Exercise goal :: In your copy of the listing below, reproduce each word exactly and include no pictures.

Material provided ::
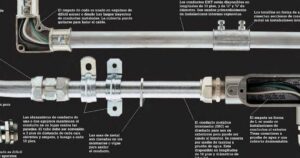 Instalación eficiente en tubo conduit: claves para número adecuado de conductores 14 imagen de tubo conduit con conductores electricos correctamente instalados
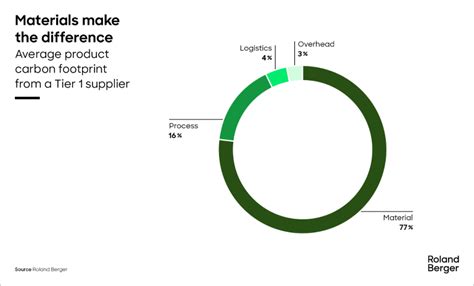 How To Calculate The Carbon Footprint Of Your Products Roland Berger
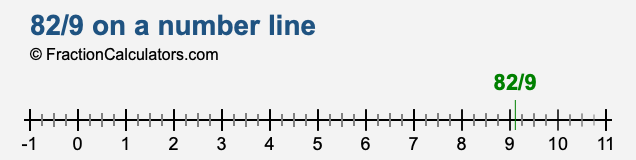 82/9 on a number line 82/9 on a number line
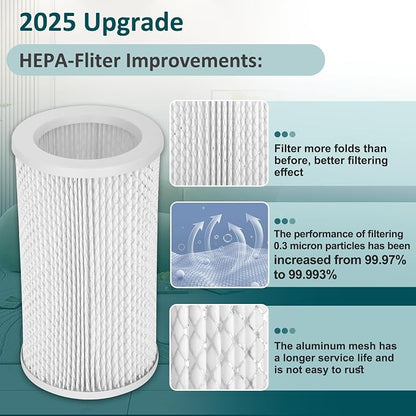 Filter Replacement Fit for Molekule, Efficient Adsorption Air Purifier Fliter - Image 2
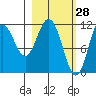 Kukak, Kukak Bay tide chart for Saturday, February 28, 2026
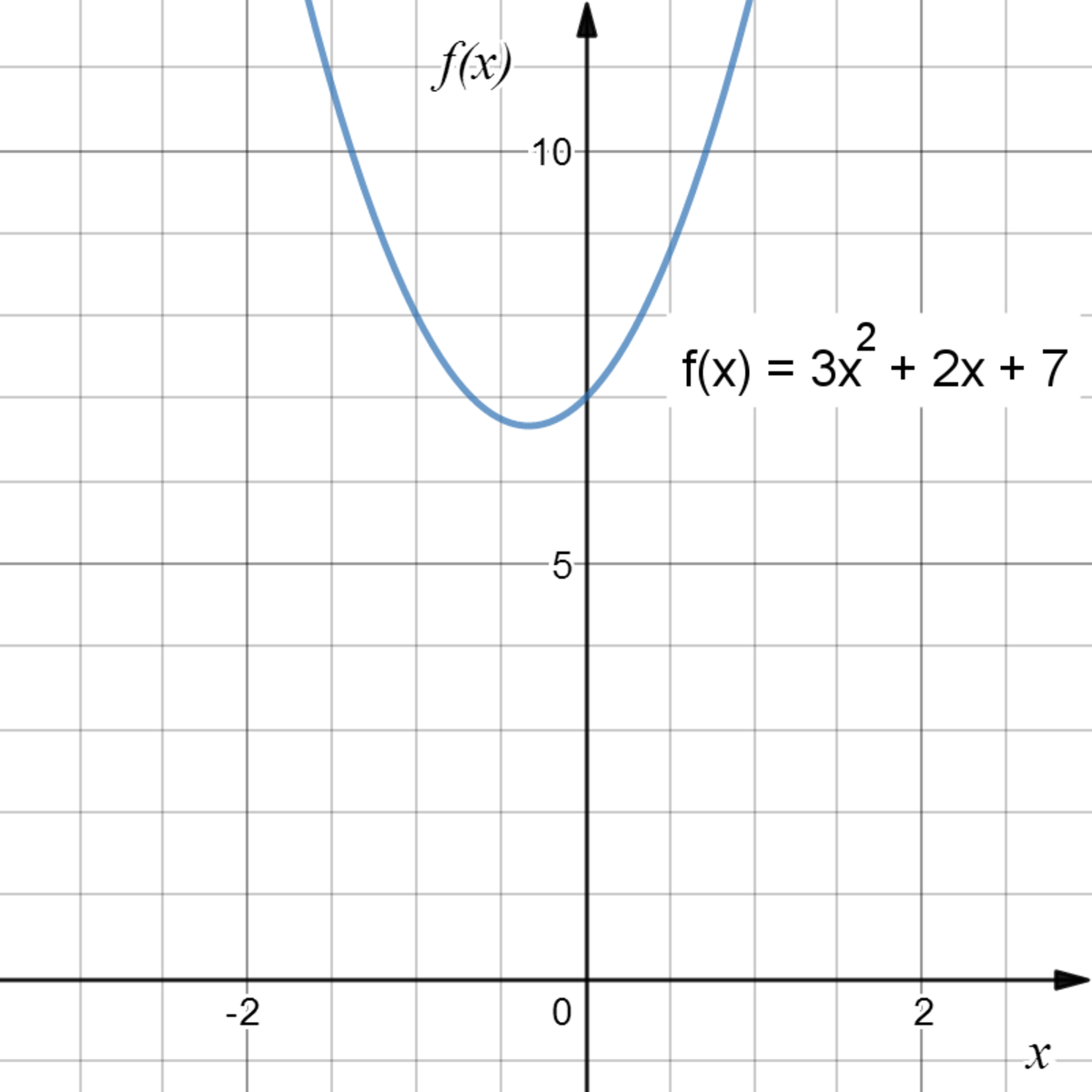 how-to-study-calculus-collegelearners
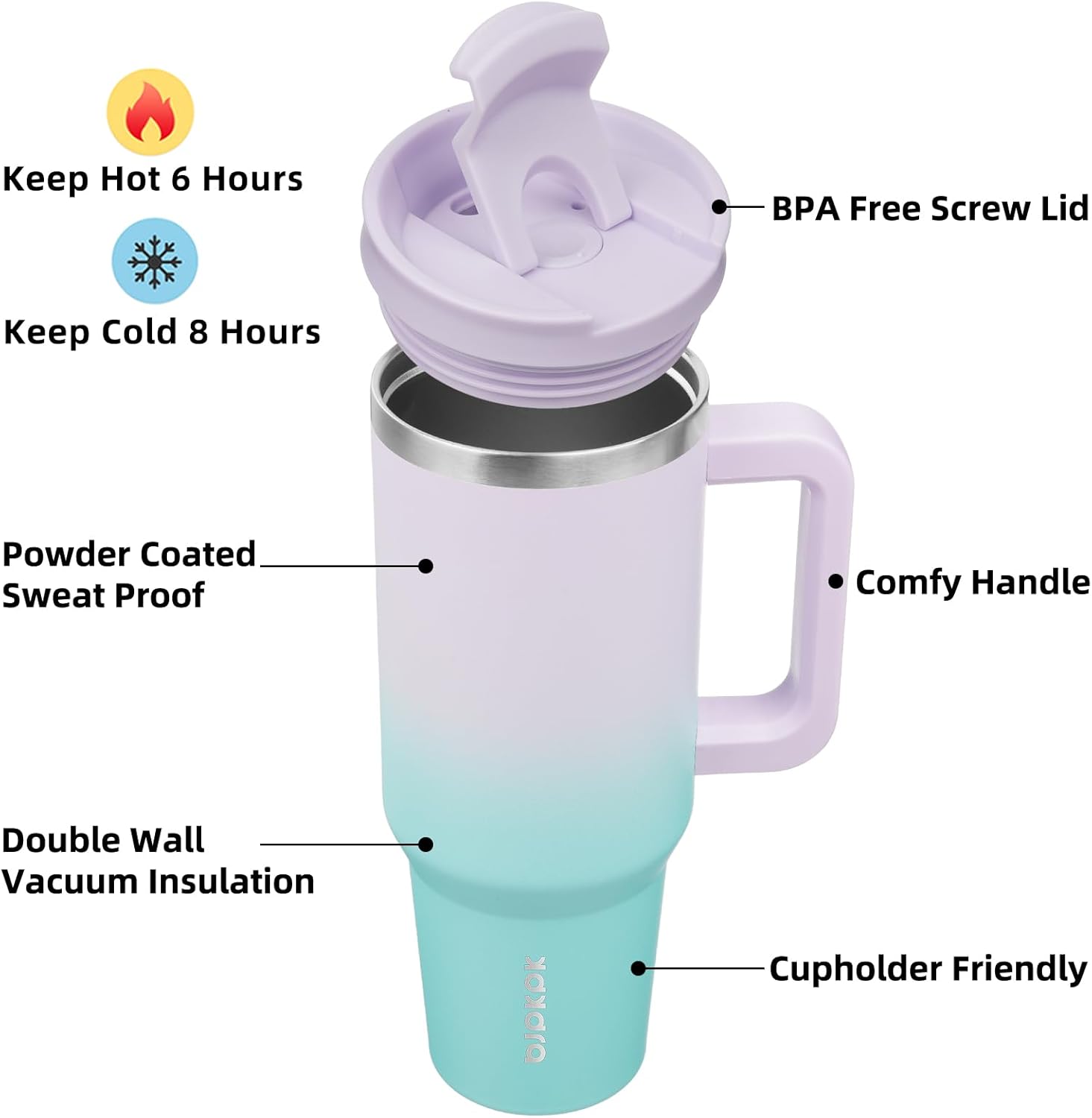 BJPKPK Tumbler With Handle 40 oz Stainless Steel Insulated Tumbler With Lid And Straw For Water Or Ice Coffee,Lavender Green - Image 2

Output for this task ::
 Instalación eficiente en tubo conduit: claves para número adecuado de conductores 14 imagen de tubo conduit con conductores electricos correctamente instalados
 How To Calculate The Carbon Footprint Of Your Products Roland Berger
 82/9 on a number line 82/9 on a number line
 Filter Replacement Fit for Molekule, Efficient Adsorption Air Purifier Fliter - Image 2
 Kukak, Kukak Bay tide chart for Saturday, February 28, 2026
 how-to-study-calculus-collegelearners
 BJPKPK Tumbler With Handle 40 oz Stainless Steel Insulated Tumbler With Lid And Straw For Water Or Ice Coffee,Lavender Green - Image 2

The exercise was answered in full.